Written by: Steve Cook   Thu, July 30, 2009 Beyond Today's News, Crisis Programs

 

Back when people had woodsheds, “woodshedding” meant one of two things.  People “went to the woodshed” to practice  in private such public skills as singing, playing musical instruments and acting.  Woodsheds also were the places fathers took their naughty children and got out the belt or hairbrush, a practice highly discouraged today.

This has been a week for woodshedding on the foreclosure policy front.  Tuesday top Treasury and HUD officials met with executives of 25 mortgage servicers to lay on the leather. With the Administration’s Making Home Affordable program taking much longer than anticipated to move the needle and foreclosures continue to soar to record heights, the political thermometer soaring in a hot Washington July.

To make sure there is no confusion that the meeting was not about fixing the program but motivating the lenders to produce results, the officials more than doubled the number of borrowers receiving help under the foreclosure-prevention plan by November first.
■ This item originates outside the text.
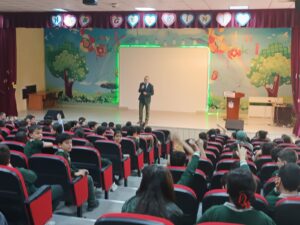 Gazeteci-yazar Metin Özmen 150. konferansını Bitlis’te verdi – Birlik Haber Ajansı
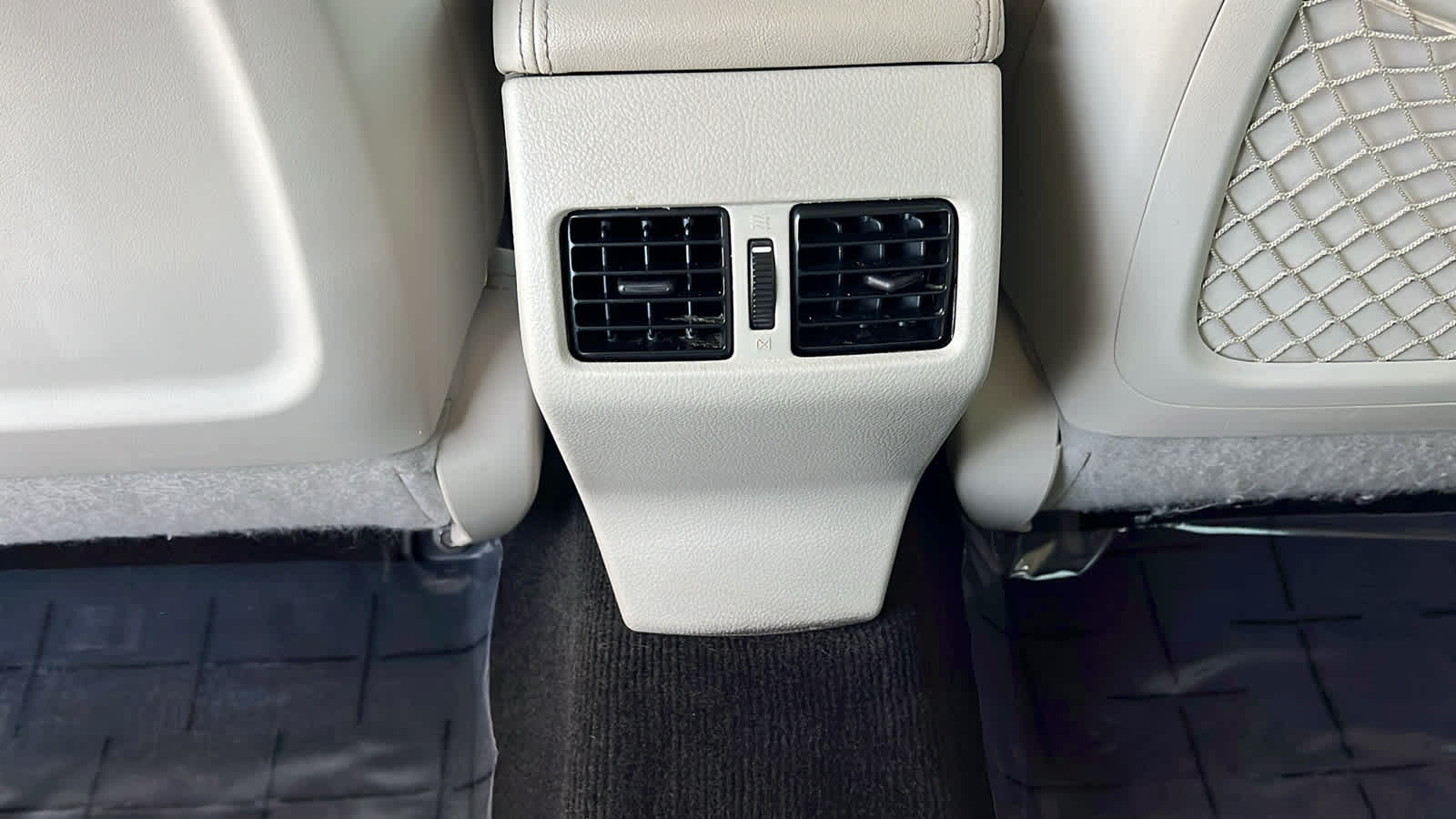 2014 Subaru Outback 2.5i Limited 25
The administration’s goal is to have 500,000 trial modifications underway.  Trial mods typically require borrowers make three months of reduced payments before they can qualify for a full modification.  Right now some 200,000 trial mods are underway.

So what was the meeting like?  “There was a sense of urgency,” Barbara Desoer, president of Bank of America Home Mortgage, told Ruth Simon of the Wall Street Journal.  Urgency?  I’ll bet.  Ouch, woodshed time.
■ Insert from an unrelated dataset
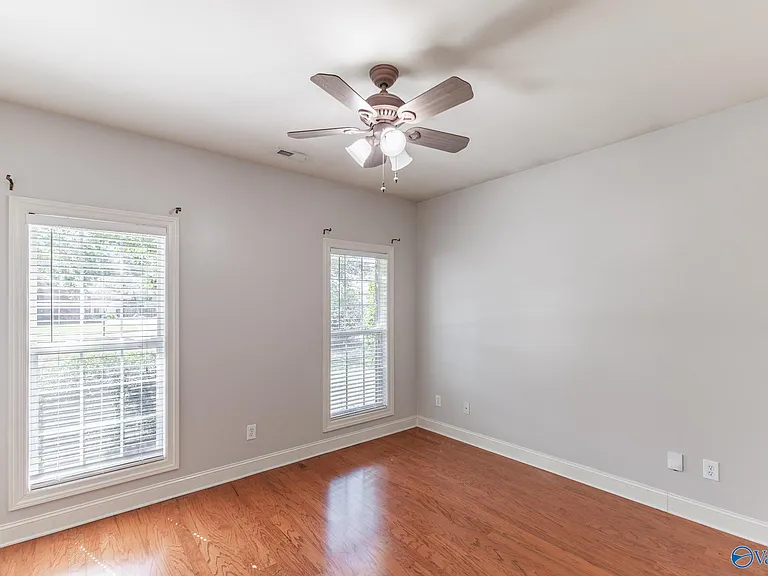 125 Monument Ln — Photo 11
Two weeks ago, the Administration served notice on lenders participating in the program that they would not share the ire of Congress and taxpayers alone.  By  August 4—next Tuesday-they will release information on the performance of individual mortgage-servicing companies, including the number of trial modifications offered to eligible borrowers and the number of trial plans that are underway. 

To top off the week, yesterday Barney Frank (D-MA), chairman of the House Financial Services Committee, raised the ante for lenders.  He threatened to revive “cramdown” legislation that would give bankruptcy judge the power to write down mortgages-and it’s not an empty threat.
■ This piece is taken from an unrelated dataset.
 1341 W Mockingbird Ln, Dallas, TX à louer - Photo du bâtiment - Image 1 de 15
“If this last effort to produce significant modifications fails, the argument for reviving the bankruptcy option will be extremely strong,” Frank warned in a statement released by his office.  Six weeks ago, at a briefing for real estate editors, Frank was still bemoaning his defeat on cramdown legislation at the hands of the banking lobby in March.  Hearing him talk about it at the time, one got the feeling he would relish another round if lenders should give him an opening. 

Short of some sort of Presidential event, it would be difficult to imagine what else Congress and the Administration could do to take lenders to the woodshed.  But perhaps it’s the other kind of woodshedding-training and fine tuning of skills-that are more important.

Reports are filling the blogs and bubbling up into the national media that lenders are overwhelmed with the volume and complexity of the program.  Many are miserably understaffed and not adequately trained, trying to operate an entirely new program that was never extensively field-tested and is still going through changes.  Making only $1,000 per loan mod, they have greater incentives to market refis or even FHA loans make to Make Hlome Affordable.

Reports from Tuesday’s meetings suggest that loan servicers have been hampered with trying to make a brand new program fraught with administrative issues work on a large scale very quickly.  They discussed the need for standardized forms and to figure out a way to modify primary and secondary loans simultaneously, even though the two loans have different terms and are held by two different lenders.

The second kind of woodshedding seems to be more  evident this week, but we need a lot more more of the first kind.  The air is full of more than enough threats and talk of accountability (and its handmaiden, blame) when what’s really needed is for both sides to find a friendly woodshed, sit down together away from the pressure, and figure out what’s  broken and how it can best be fixed.